Western Hubris from Colonial to Postcolonial
A remote detail? While the British and the Empire took the Entente and would-be League in their Winter-1919 endeavour in Paris to put themselves altogether on moral high ground, the facts on the ground in both Asia and Africa told a different story. Here's the case of Afghanistan 1923.
On 23 June 1923, the Manchester Guardian reported that the Waziri tribe Britain's former colony of Afghanistan – most notably independent through the Anglo-Afghan Treaty of August 1919 – was bombed out by the airforce in June 1923 (1). When news of this were to be spread and come to Weimar Germany, how would this be thought of? The people of foreign dictated Germany was preoccupied by a quest for survival. Inflation was running extraordinarily high. Let us try to tread into a German's, let us say his countrywoman's footsteps (watch our "Fanny" blogpost – featured in 🇩🇪 media), whoever from exactly a hundred years ago. When hyperinflation would be successfully countered, one more of the many Paris/Versailles machinations, that is the argument of German inferiority when it comes to colonial administration, would remain. Not to mention the implication of British and the others' superiority.

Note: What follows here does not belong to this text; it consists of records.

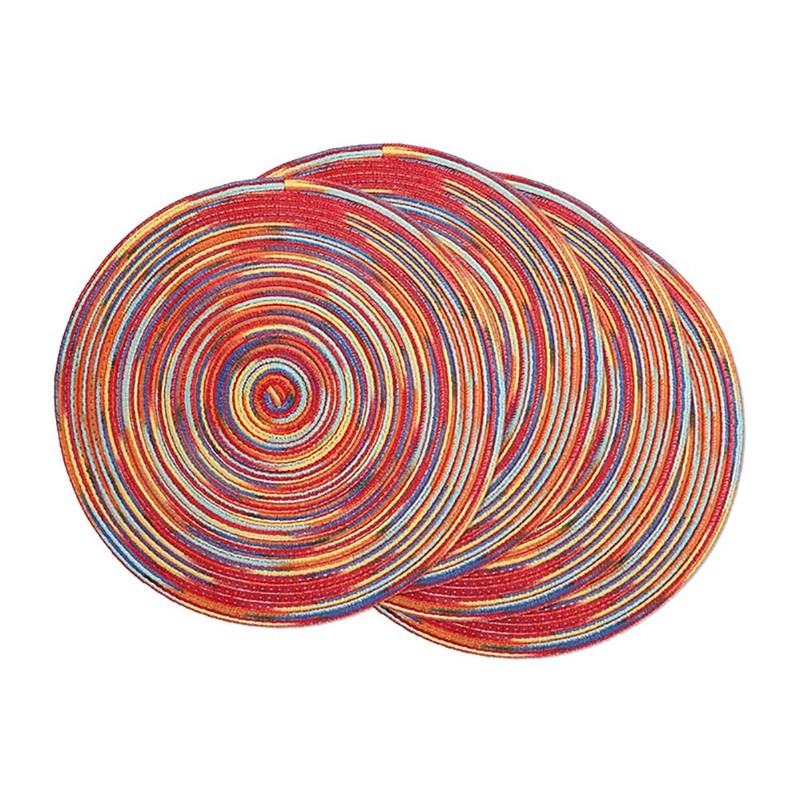 Alnicov 4pcs Cotton Woven Rattan Heat-Resistant Tablema,11.8Inch 30cm Round Placemats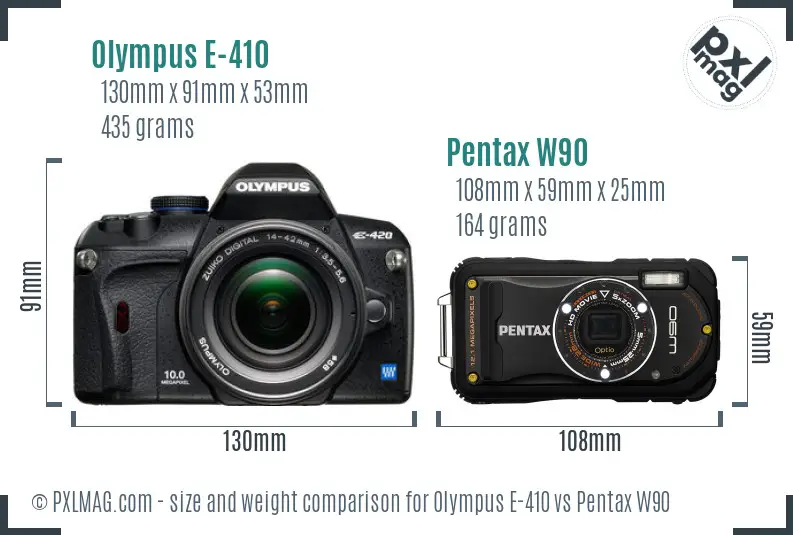Olympus E-410 vs Pentax W90 size comparison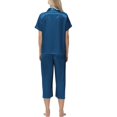 thumbnail image 4 of Juosiy Women Simpe Fashion Ice Silk Satin Sleepwear Solid Color Smooth Lapel Short Sleeve Capri Pajamas Home Suit, 4 of 7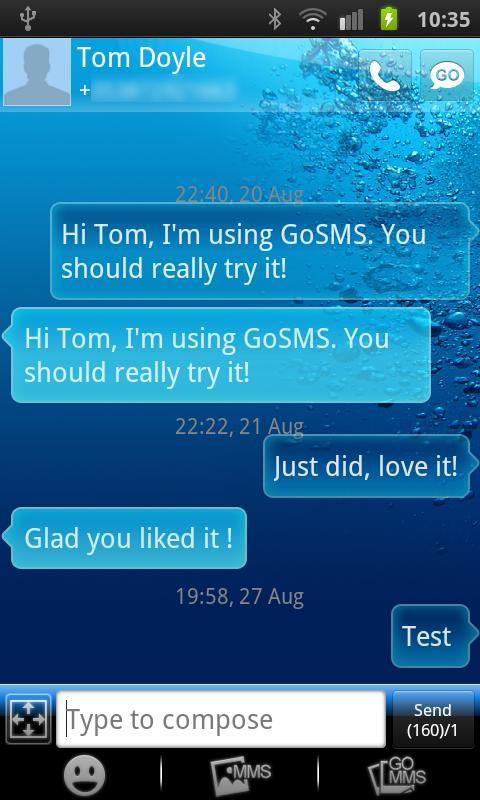 GO SMS PRO THEME Underwater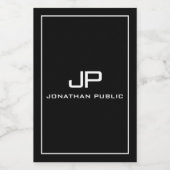 Trendy Elegant Moderne Sjabloon Custom Monogrammed Voedselcontainer Etiket (Enkel label)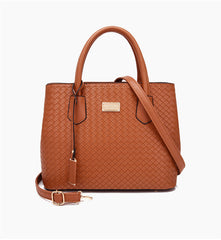 Set 6 Genti Tesătură din Piele Ecologică Maro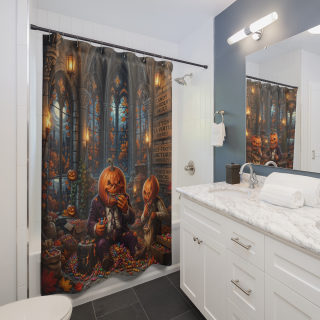 Pumpkin-Head Trick or Treaters Shower Curtain | Halloween Spooky Chapel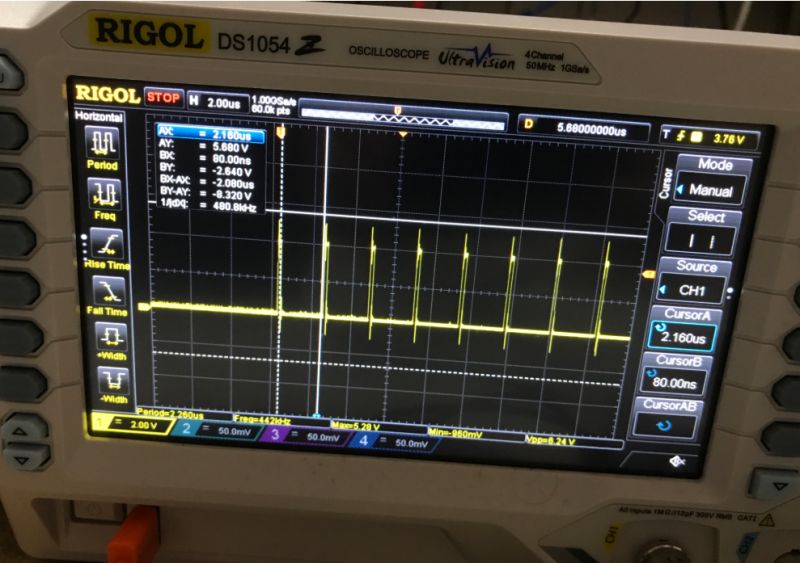 Signal Waveform on Rigol DS1054Z Oscilloscope Screenshot of an oscilloscope with a signal waveform.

The question, if any bombing of native populations would have been directed out of Germany, is hardly relevant. As a matter of fact, the aerial age had started with the world war. The German colonial empire was completely usurped by the British and their allies over the three-times extended Armistice period of 1918–1919 – being an overt contradiction to the 1918 ceasefire stipulations.
In the beginnings of the twenty-first century, the United States army went into the poor country in order to achieve what neither the Soviets nor the British were able to. Landlocked Afghanistan harboured forces to which the 9/11 suicide attacks on civil and military targets in the States could be attributed. Eight decades after the aerial bombardment by the British, the US and US-led Atlantic Alliance (NATO) campaign would lead to destruction all over the country and many more deadly casualties. It would take one-fifth of the centenary timeline 1923 – 2023, to terminate a war as unsuccessful as the ones from the past century. Following a staggering twenty years of warfare against this Central Asian people, the inglorious departure occurred at the time of the Covid pandemic.
Indeed, we are quickly running up and down the timeline. Let us turn back to 1923.
Four years following the Treaty and "League of Versailles", actual policies and military campaign by either the treaty's text dictating British or the British-led League of Nations demonstrated that a quintessential critique of "double standards" would apply. At the same time, not only the one-to-one targeted and comprehensively subdued Weimar Germans were able to bring in a brand-new argument on the base of which their claim for substantial revision of the "new order" grounded. In addition to this, another bottom-up argument would be available to the colonised.. Though at the time of the first independence activists, it appeared not really realistic that a substantial amount of their people voiced the common cause in the international arena. In recent years, publications were released that describe a kind of joining forces: Over the 1920s, Berlin did become a refuge of anti-imperial activists out of the Entente's and other colonies. Such a get-together for survival was not rare: See Rapallo 1922 concerning red Russia and the German republic.
Questions? Make a note of the Peter de Bourgraaf's upcoming essay "Vice Versa Versailles. Europe's Sleeping Beauty" (October 2023).
Footnote
1. Sean Andrew Wempe, The Revenants of the German Empire. Colonial Germans, Imperialism, & the League of Nations, Oxford 2019, p. 49.